There is no shortage of opinion about the effects NAFTA has had on America and American jobs over the past thirteen years. Despite the fact that most of the information provided is vague at best and bias at worst, Americans have come to feel the effects personally. While some have prospered under NAFTA, the majority has seen wages stagnate or decrease as prices for consumer goods and services have steadily risen, contrary to the promises and prophesy of early promoters of the treaty.

Socially, NAFTA has had an even greater impact on America. While early promoters suggested that the treaty would help stabilize Mexico and build a strong middle class that would end the flood of illegal immigration, the fact is that illegal immigration from Mexico into the U.S. has increased. Critics suggest that NAFTA is at least partially to blame for the current tide of illegal immigrants flooding into the country. While it is difficult to point to any one specific reason, it is clear that NAFTA has adversely impacted Mexico and the Mexican worker.

Canada was also supposed to benefit from NAFTA with the creation of jobs and elimination of inflation. But critics maintain that the cost to Canadians of NAFTA far outweighs any benefit yet derived from entering into the treaty. While measurements can and have been taken since inception of NAFTA, the world has changed significantly during the same time. How much events which have occurred and continue to unfold play in the state of any country’s economy is difficult to measure.

Despite questions that still abound regarding the value, if any, that NAFTA has to the United States, the country is quickly proceeding forward with infrastructure changes and regulatory changes that will profoundly impact American business and the American people.
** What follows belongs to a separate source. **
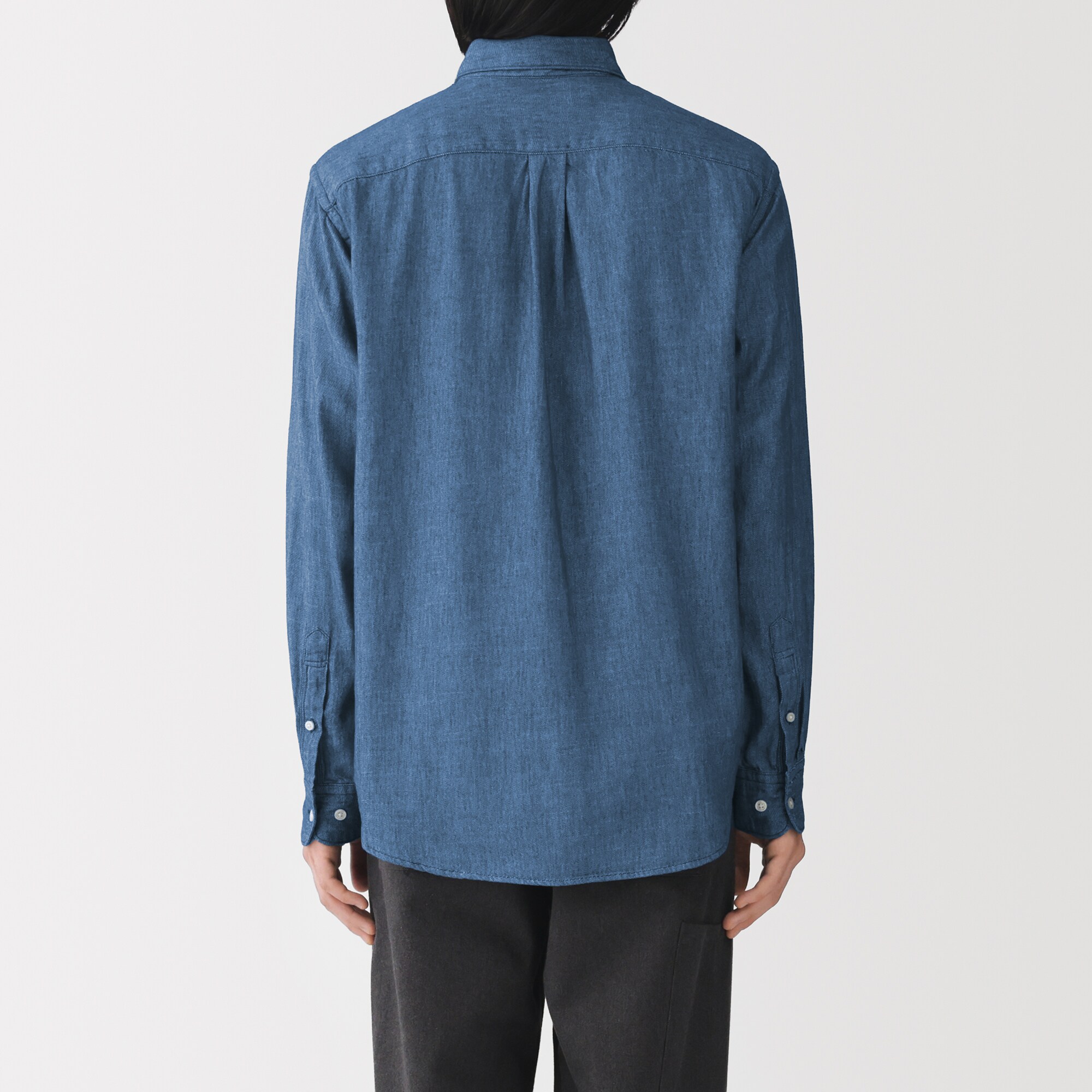 紳士　デニムシャツ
The proposed NAFTA Superhighway that is being discussed will open a corridor through the U.S. for the passage of tons of goods from Mexican ports into the American heartland and Canada. While some benefits will be gained for American and Canadian businesses by the introduction of this highway, the most noticeable beneficiary will be China.

Once complete, the new road will allow containers from the Far East to enter the United States through the Mexican port of Lazaro Cardenas. The Mexican trucks will drive on what will be the nation's most modern highway straight into the heart of America.

Hutchinson Ports, is the wholly owned subsidiary of Hutchinson Whampoa Limited. The giant Chinese corporation has invested millions of dollars in expansion of deep-water ports at Lazaro Cardenas and Manzanillo on Mexico’s Pacific coast. The Chinese are clearly positioning themselves to directly benefit from delivery of goods manufactured in China to the U.S. and Canada via the new NAFTA superhighway. The Chinese equation never entered into debate when NAFTA was first introduced. Whether it was ever considered will probably not be known. Regardless, however, the rising economic power of China will be felt within all three countries who joined in NAFTA.

Looking at the consequences of the treaty from the northern side, Bruce Campbell, writing for the Canadian Centre for Policy Alternatives noted in a paper entitled: False Promise - Canada in the Free Trade Era, that growth performance in the 1990’s in Canada was worse than in any other decade of the last century.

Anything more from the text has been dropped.